<<<<

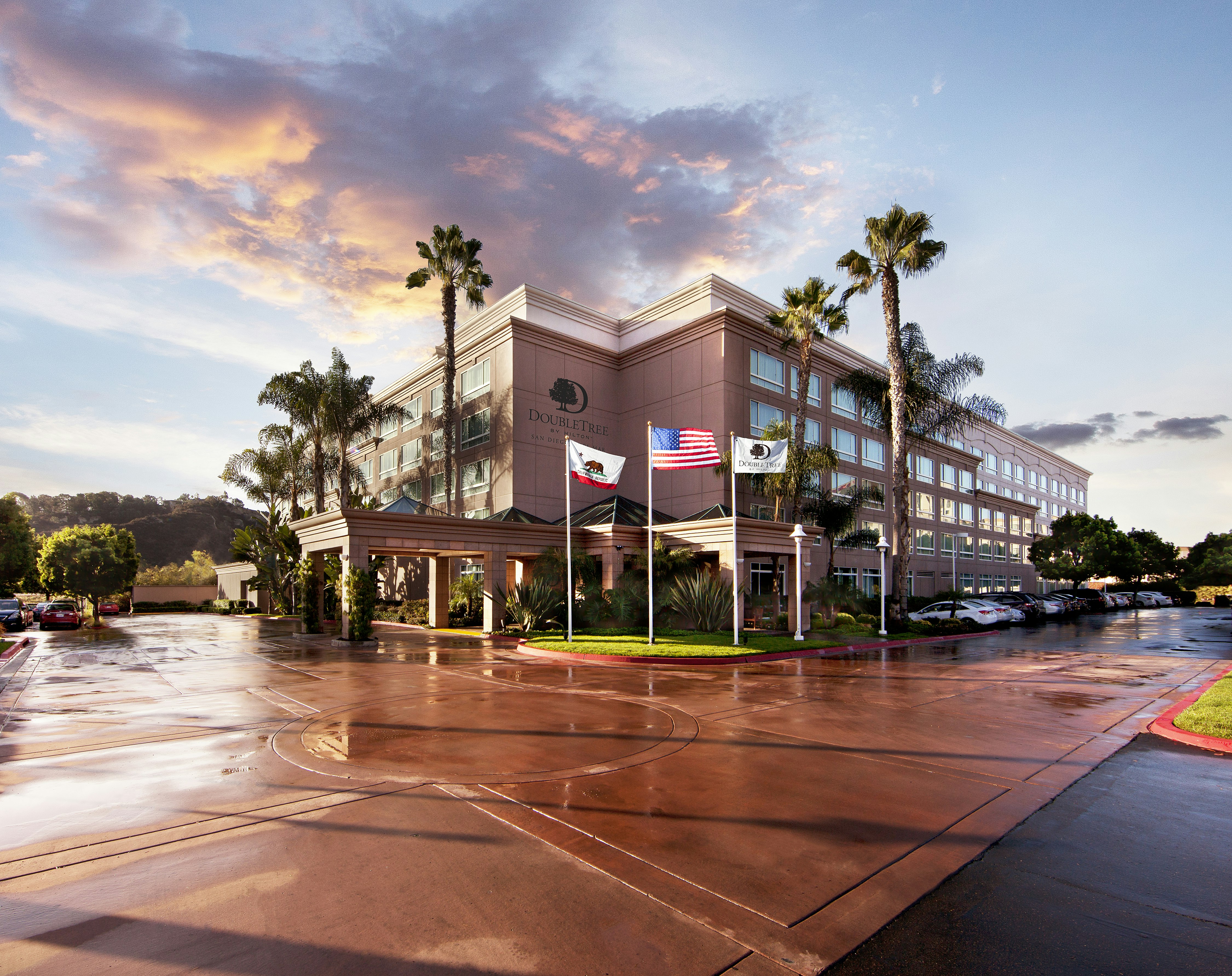 Doubletree By Hilton Hotel San Diego Del Mar 70/80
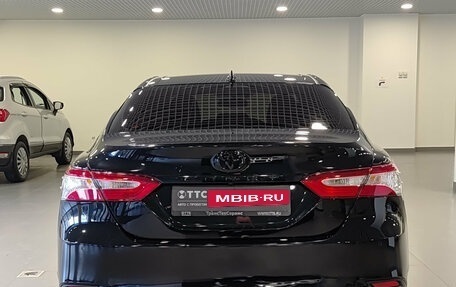 Toyota Camry, 2019 год, 2 467 000 рублей, 7 фотография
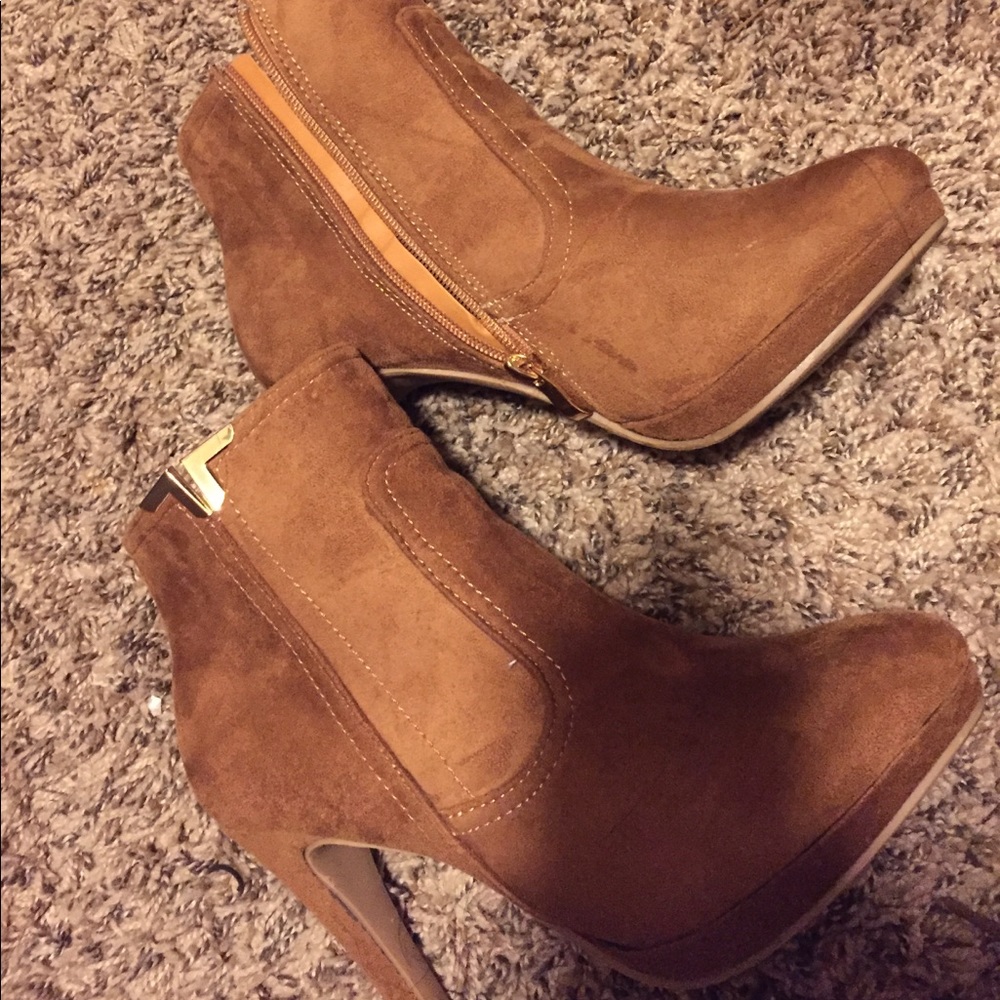 Ankle boots - Picture 2 of 5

>>>>

Work required
Exclude the images and output the lines above exactly.

Task answer
 Doubletree By Hilton Hotel San Diego Del Mar 70/80
 Toyota Camry, 2019 год, 2 467 000 рублей, 7 фотография
 Ankle boots - Picture 2 of 5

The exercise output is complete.